Doing more with less in R&D: turning equipment usage data into CapEx efficiency

As budgets tighten across life sciences, many R&D organisations have realised their biggest source of waste isn’t in their science, but their operations. Johannes Solzbach, CEO and co-founder at Calira, believes greater visibility of equipment usage data can help labs protect productivity without new investment.

Across the biopharma industry, the pressure to reduce costs has never been higher. Large-scale layoffs, spending freezes, and ROI mandates have become common. Yet, for most R&D leaders, the question isn’t whether to cut costs, but how to do it without slowing discovery.

For lab operations, this is a daily balancing act. Facilities can’t simply turn off instruments or pause research: scientists still need access to the right tools, at the right time, and leadership expects the same level of output with fewer resources. The challenge, then, is to make the infrastructure of R&D more efficient and do more with what already exists.

The (surprisingly high) hidden costs of idle equipment

When a biopharma company buys new instruments, those purchases are treated as investments in future discovery. But in many labs, that capital sits idle. McKinsey estimates that lab equipment in biopharma is used at only about 35% of its capacity. The other 65% represents wasted opportunity and wasted capital.

Idle instruments also create knock-on costs. When demand spikes, teams will often buy more instead of redistributing what they already have.

This manifests as duplicate purchases between sites, buildouts of new spaces to house underused tools, and facility budgets stretched to breaking point. This waste isn’t visible in most reporting because few organisations have structured data on how equipment is actually used.

The result is that CapEx waste accumulates quietly. A handful of instruments left idle each week can add up to millions in inefficiency each year. One top 10 pharma company I recently spoke to estimated roughly $9.5 million in annual inefficiency from poor equipment utilisation alone.

What’s the source of this CapEx waste?

Many would jump to blaming this waste on neglect, but in reality, it comes from fragmentation. Many labs rely on spreadsheets, shared Outlook calendars, or even paper sign-up sheets to coordinate access to critical instruments.

But of course, spreadsheets and shared calendars aren’t designed for how modern R&D operations function today across multiple teams, sites, and time zones.

The result is that few, if any, have a complete and accurate view of what’s really going on.

Lab managers spend hours mediating booking conflicts or chasing down availability: scientists get frustrated when they can’t book what they need: finance teams struggle to see where assets are sitting idle: and leadership can’t make data-driven CapEx decisions because the data simply doesn’t exist.

Even in organisations that have invested heavily in digital transformation, this gap remains. ELNs and LIMS systems track experiments and samples, but they don’t track equipment usage. IoT data can show when a machine is turned on, but not who is using it, or for what purpose.

Why R&D equipment visibility is now a strategic issue

In the past, these inefficiencies have been seen more as an administrative nuisance; annoying, but tolerable. That’s no longer the case.

As budgets tighten, visibility into how equipment is used has become a strategic necessity. Without it, R&D leaders risk making multimillion-dollar decisions in the dark.

Operationally, usage data helps labs understand which instruments are bottlenecks and which are underused.
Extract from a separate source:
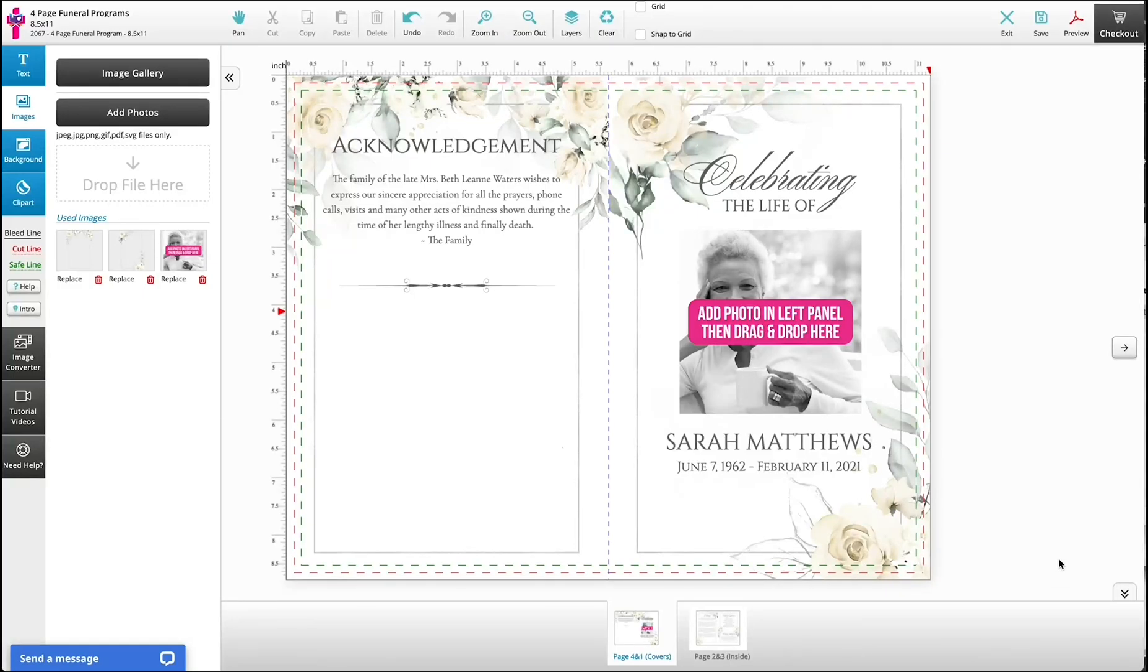Turning your photos into a shape is easy. This process is called adding a mask.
Financially, it supports ROI accountability and strengthens business cases for future investment. Strategically, it allows leaders to demonstrate to shareholders that their capital is being used effectively.

With reliable usage data, labs can identify excess capacity, consolidate equipment across sites, and defer unnecessary purchases. In a cost-conscious climate, that’s a powerful lever.

From administrative task to strategic control layer

Leading R&D organisations are beginning to treat equipment scheduling not as an admin function, but as a strategic control layer. When bookings are centralised and tracked, labs gain real-time visibility into who uses what, when, and how often. This turns what was once a blind spot into actionable data.

The impact is measurable. Across thousands of labs, centralised booking systems have been shown to improve utilisation by 10 to 15 percentage points within the first year. That gain doesn’t come from new hardware or new hires, but instead from better coordination of what’s already there.

With centralised systems, lab managers can see utilisation trends at a glance. Operations leaders can reallocate assets instead of buying new ones. Finance teams can quantify ROI. Scientists can book instruments without friction. And leadership can finally make confident, data-backed decisions about future investments.

Making cost control part of R&D’s DNA

Doing more with less is less about austerity and more simply about control. The labs that thrive in this new environment will be those that use visibility to make smarter, faster decisions about where and how to spend. That means treating operational data with the same seriousness as scientific data.

A structured approach to equipment booking is one of the simplest, cheapest, and most effective ways to get there. It connects people, instruments, and data in a way that makes R&D operations measurable, predictable, and scalable. And when every dollar counts, that’s hard to ignore.